Closed xychem closed 1 year ago
Merging #158 (32a8733) into main (d0b9c79) will not change coverage. The diff coverage is
100.00%
.
@@ Coverage Diff @@
## main #158 +/- ##
=======================================
Coverage 40.64% 40.64%
=======================================
Files 8 8
Lines 556 556
=======================================
Hits 226 226
Misses 330 330
Files Changed | Coverage Δ | |
---|---|---|
DiverseSelector/methods/dissimilarity.py | 19.04% <100.00%> (ø) |
This is reason for why we get 8 and 6 data points instead of the queried 12 for "Adapted Optimizable K-Dissimilarity Selection (OptiSim)" #147
Can you also add a testing for this change? @xychem Thanks.
@marco-2023 can you please review this change to make sure it is resolving the issue you were in reproducing the old notebook results?
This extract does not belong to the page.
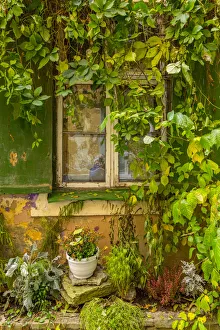 Images Dated 17th January 2019: Baltic States, Estonia, Tallinn. Tallinn Old Town, city windows with vine covered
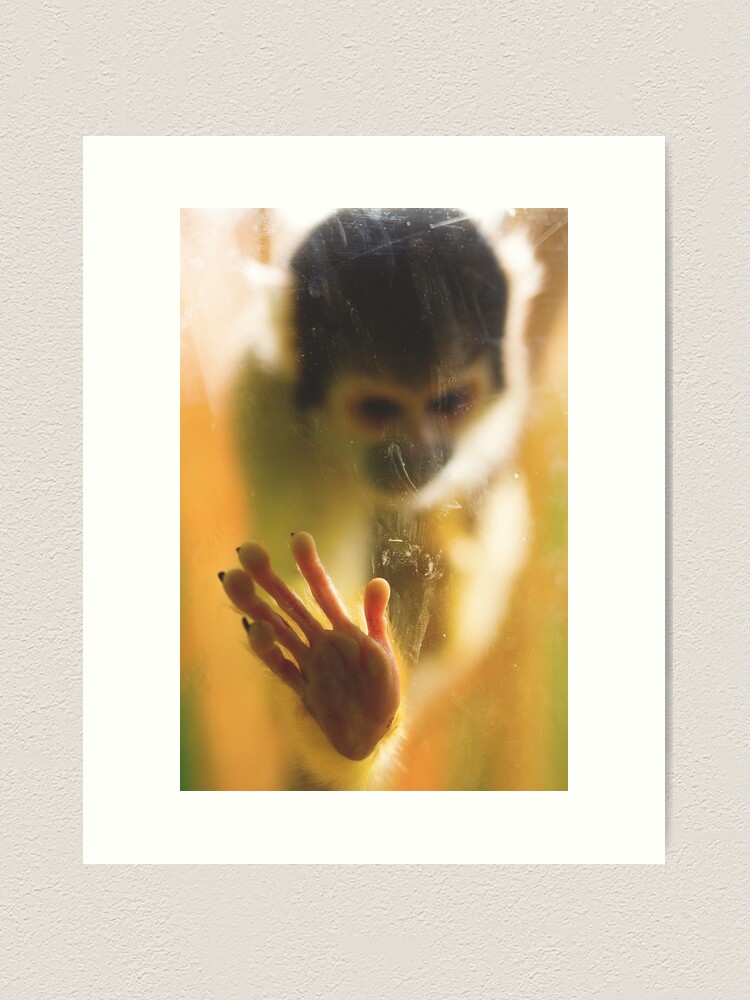 Thumbnail 2 of 3, Art Print, Bolivian Squirrel Monkey designed and sold by IAmPaul.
Thanks.
I checked the earlier versions of the code and noticed that the tolerance was 5.0. However the predict_radius
implementation was changed, so it may not be used in the same way anymore.
@FarnazH & @xychem: I went through the old and new code. In the old code the tol
value of the object was interpreted by the predict_radius
as the percent
(of the number of samples to select) tolerance and in the new code is the fraction
(of the number of samples to select) tolerance. The proposed tol=0.05
corresponds exactly to the old code's tol=5.0
. The proposed change solves the issue with the method.
@marco-2023, you should have a This pull request is waiting on your review.
comment (in a yellow box) at the top of this PR. Based on your comment, please approve this PR so that it can be merged.
Thanks for your comments and review. @marco-2023 I am going to merge this PR for now.
The number of upper size means the max number we selested. upper_size = tol*size, if tol=5.0, the upper_size will be larger than we want.